2007 Midlands Regional Championship - Championship Section retrospective

16-Mar-2007

Isaiah 40 proved a stern test here in the Midlands, but the qualifiers really put their stamp on it to claim their place at the Royal Albert Hall.


Robert Redhead's ‘Isaiah 40' has turned out to be a major stumbling point for bands at this year's various Regional Championships, as not one band has got through a performance of it totally unscathed. It has certainly tested even the best bands in the country, with errors in tuning, ensemble and even basic technique all evidence of a work which is not proved easy in any shape or form.

As in other regions, the Midlands was no exception in the fact that no-one managed to get from beginning to end without the odd hiccup here and there - and most performances had plenty of these. However, if one discounts these superficial errors, it was pleasing to notice that several bands and their MDs did have a real understanding of the music, and even with errors creeping in, showed a good sense of musical awareness and made sterling efforts to bring the message behind the score to life.

The acoustic of the Town Hall was not much of a help to any band playing this piece, as a lot of technical detail is often lost, so it cannot have been easy for bands to try and perform this very complex and difficult work.

Staffordshire Band's record has consisted of two runners up places in the last ten years at this contest, so they would not have been many people's pick for first prize prior to the contest.

MaplThat all changed the moment the band took to the stage. Conducted by David Maplestone, who had only a few hours previously won the Second Section, they produced a performance which had it all; technical prowess, great style and fine soloists. Staffordshire's horn section was the only one to really nail the difficult unison horn passage, and the cornets played with great conviction throughout. The band's solo baritone player also gave a great contribution whenever it was required.

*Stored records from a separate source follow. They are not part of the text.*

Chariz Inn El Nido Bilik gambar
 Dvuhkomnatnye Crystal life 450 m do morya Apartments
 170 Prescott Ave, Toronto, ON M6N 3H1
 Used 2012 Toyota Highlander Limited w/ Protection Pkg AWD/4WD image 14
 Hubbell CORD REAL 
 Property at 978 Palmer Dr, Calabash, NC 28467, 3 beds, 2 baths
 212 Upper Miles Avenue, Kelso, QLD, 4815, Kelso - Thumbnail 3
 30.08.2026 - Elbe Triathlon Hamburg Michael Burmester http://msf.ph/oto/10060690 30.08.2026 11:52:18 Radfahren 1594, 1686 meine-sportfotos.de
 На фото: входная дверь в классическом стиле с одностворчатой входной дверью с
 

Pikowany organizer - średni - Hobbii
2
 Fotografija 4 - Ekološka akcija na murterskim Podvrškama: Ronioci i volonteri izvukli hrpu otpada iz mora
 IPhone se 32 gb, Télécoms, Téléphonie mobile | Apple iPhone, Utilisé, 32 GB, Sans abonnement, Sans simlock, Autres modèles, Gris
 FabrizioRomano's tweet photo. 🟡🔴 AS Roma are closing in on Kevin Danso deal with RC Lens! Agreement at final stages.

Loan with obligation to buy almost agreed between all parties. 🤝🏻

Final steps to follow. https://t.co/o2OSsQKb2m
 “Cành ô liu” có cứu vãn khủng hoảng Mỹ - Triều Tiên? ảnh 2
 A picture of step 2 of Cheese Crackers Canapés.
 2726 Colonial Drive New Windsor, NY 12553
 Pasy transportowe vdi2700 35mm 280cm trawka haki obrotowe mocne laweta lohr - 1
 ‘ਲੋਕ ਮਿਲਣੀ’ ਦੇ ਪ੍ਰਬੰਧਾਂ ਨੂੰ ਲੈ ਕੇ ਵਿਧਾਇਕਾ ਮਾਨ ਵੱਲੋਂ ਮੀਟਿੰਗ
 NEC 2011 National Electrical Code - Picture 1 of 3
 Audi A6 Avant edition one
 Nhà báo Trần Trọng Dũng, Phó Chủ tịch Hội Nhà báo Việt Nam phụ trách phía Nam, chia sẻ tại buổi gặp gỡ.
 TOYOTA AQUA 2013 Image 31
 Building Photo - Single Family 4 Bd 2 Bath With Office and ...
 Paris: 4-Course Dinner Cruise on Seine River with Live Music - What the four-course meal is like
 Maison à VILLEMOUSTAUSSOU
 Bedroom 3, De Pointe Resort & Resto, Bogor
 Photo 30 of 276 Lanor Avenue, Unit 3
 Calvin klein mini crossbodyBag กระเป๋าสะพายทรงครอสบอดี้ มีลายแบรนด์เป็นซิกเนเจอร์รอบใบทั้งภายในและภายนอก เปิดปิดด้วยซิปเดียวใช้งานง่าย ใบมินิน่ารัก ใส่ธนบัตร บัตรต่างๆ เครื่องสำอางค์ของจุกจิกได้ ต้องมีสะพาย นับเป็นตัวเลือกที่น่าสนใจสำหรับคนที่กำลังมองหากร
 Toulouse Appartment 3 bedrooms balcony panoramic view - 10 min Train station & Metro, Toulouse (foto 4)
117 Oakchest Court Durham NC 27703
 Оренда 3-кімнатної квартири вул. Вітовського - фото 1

It was very unfortunate at the end when an errant cymbal came into the mix, but this was really the only major thing that was wrong with Staffordshire's playing. As with his band in the Second Section, David Maplestone worked his socks off to produce the goods from his band, and it was a style of direction that again worked a treat. This band sounded like it could have even more to offer, so if they keep this team with this particular MD it will be a very interesting showing in London indeed.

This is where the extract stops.